When you think of the Hudson River, what do you think of? Perhaps you ride the PATH train under it to get to work. If you like to hike, maybe you remember the view of the river when you reached the top of Bear Mountain. If you’re a fan of art history, maybe you immediately think of the Hudson River School of painters.

View of the Hudson River from the Palisades in New Jersey, with New York City in the background.

The river is not just a river. It’s an aesthetic object, an ecological habitat, a site for water sports, a means of transportation, an obstacle to be bridged, a source of energy, a sewer, and a threat as sea levels rise, along with dozens of other things throughout history.

A new show at the New-York Historical Society explores the many facets of the Hudson River through the lens of environmental conservation and shows how important it was for all these facets to come together in order to protect the river we know and love today.
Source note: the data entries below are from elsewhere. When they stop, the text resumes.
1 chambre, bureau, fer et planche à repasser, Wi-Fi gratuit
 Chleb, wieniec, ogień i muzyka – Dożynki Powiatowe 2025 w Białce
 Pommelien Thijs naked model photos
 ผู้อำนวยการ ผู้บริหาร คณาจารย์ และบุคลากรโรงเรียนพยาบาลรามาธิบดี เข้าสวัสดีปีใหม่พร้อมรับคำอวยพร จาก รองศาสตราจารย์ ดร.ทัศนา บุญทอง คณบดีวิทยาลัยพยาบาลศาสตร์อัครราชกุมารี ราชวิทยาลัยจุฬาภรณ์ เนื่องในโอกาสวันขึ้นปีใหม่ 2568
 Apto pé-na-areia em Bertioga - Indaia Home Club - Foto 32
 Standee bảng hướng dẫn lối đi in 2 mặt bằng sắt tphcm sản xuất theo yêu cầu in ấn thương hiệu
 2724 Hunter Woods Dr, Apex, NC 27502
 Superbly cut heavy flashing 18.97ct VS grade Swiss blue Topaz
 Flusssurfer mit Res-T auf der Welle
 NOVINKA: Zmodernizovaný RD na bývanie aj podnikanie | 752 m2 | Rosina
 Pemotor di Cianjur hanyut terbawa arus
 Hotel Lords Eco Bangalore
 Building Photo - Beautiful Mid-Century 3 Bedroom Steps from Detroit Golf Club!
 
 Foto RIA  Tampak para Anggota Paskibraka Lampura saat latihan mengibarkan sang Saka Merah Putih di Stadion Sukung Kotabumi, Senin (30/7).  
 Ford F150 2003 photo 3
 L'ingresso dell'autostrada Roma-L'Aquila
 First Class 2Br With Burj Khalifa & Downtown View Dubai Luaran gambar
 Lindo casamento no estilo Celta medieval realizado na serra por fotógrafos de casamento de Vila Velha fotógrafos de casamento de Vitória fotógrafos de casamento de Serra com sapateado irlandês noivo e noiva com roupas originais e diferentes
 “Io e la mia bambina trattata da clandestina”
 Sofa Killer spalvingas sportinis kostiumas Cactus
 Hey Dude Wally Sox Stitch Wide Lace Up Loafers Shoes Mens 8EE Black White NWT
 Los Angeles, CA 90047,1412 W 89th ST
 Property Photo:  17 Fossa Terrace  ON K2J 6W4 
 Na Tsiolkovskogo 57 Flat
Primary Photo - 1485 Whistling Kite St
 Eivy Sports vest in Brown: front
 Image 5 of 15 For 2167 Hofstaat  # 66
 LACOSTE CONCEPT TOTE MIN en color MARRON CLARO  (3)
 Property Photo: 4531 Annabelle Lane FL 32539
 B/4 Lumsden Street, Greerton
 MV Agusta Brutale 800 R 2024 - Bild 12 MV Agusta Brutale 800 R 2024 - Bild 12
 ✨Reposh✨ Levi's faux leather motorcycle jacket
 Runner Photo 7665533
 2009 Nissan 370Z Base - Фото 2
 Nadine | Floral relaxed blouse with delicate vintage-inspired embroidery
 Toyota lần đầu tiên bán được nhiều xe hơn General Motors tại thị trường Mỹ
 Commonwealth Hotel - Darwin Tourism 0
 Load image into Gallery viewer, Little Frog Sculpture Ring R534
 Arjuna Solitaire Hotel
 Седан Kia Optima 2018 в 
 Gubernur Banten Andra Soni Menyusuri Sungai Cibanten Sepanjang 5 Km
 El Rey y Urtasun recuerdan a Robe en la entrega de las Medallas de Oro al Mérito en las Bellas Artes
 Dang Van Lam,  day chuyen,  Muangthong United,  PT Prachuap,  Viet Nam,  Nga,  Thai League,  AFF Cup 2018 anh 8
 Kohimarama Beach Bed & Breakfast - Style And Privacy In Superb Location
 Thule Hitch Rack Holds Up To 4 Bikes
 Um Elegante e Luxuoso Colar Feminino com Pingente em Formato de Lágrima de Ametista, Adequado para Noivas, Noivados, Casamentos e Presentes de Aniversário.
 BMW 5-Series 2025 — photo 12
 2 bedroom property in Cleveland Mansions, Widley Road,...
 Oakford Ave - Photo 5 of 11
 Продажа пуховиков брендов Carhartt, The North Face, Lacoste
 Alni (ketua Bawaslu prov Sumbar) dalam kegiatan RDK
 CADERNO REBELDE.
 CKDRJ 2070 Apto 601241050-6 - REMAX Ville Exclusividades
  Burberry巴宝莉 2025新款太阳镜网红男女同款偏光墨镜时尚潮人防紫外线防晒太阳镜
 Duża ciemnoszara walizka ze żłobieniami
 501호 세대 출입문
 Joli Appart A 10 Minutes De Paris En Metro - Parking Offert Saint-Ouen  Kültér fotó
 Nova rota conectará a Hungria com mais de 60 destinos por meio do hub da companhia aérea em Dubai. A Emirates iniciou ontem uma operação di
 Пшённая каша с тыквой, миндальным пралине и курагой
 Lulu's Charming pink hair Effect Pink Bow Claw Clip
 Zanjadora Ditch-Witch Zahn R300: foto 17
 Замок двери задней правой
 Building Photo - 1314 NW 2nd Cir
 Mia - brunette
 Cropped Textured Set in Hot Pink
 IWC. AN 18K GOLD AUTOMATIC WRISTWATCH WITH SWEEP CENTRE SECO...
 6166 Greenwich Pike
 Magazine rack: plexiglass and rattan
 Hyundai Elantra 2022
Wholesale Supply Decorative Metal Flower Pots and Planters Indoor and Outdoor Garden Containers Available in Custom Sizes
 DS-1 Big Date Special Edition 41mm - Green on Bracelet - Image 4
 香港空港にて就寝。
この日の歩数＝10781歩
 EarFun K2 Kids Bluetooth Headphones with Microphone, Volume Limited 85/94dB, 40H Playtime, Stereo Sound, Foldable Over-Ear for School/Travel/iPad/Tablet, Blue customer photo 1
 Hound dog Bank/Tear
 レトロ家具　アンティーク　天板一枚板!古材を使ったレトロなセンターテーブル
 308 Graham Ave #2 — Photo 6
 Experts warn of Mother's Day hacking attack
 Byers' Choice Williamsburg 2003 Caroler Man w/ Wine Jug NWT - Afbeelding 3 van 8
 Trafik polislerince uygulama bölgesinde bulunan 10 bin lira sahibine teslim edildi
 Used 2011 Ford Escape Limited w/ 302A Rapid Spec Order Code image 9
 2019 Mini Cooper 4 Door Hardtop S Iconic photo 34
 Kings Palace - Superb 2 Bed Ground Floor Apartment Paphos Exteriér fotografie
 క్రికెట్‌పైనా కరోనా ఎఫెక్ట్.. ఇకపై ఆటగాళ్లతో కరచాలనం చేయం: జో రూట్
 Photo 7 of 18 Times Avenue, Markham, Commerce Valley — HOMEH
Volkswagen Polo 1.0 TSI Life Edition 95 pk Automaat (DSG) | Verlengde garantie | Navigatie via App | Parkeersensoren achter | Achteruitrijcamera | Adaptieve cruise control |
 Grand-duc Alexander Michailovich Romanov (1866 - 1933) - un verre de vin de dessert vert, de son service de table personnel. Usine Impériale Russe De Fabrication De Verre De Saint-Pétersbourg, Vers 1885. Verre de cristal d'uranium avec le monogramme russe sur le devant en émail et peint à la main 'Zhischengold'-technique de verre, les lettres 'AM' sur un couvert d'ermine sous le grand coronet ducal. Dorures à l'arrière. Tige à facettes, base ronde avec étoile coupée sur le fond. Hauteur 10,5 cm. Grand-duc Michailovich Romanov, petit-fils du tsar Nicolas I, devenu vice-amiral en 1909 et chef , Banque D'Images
Hudson Rising follows the environmental history of the Hudson River and the surrounding areas from the early days of the Industrial Revolution to modern times, hitting on important moments in the river’s pollution, conservation, and aesthetic appreciation. The show concludes on an optimistic note, with a forward-looking climate adaptation project called Living Breakwaters by landscape architecture firm SCAPE, which was founded by Earth Institute faculty member Kate Orff. Orff is an associate professor at Columbia’s Graduate School of Architecture, Planning and Preservation’s (GSAPP).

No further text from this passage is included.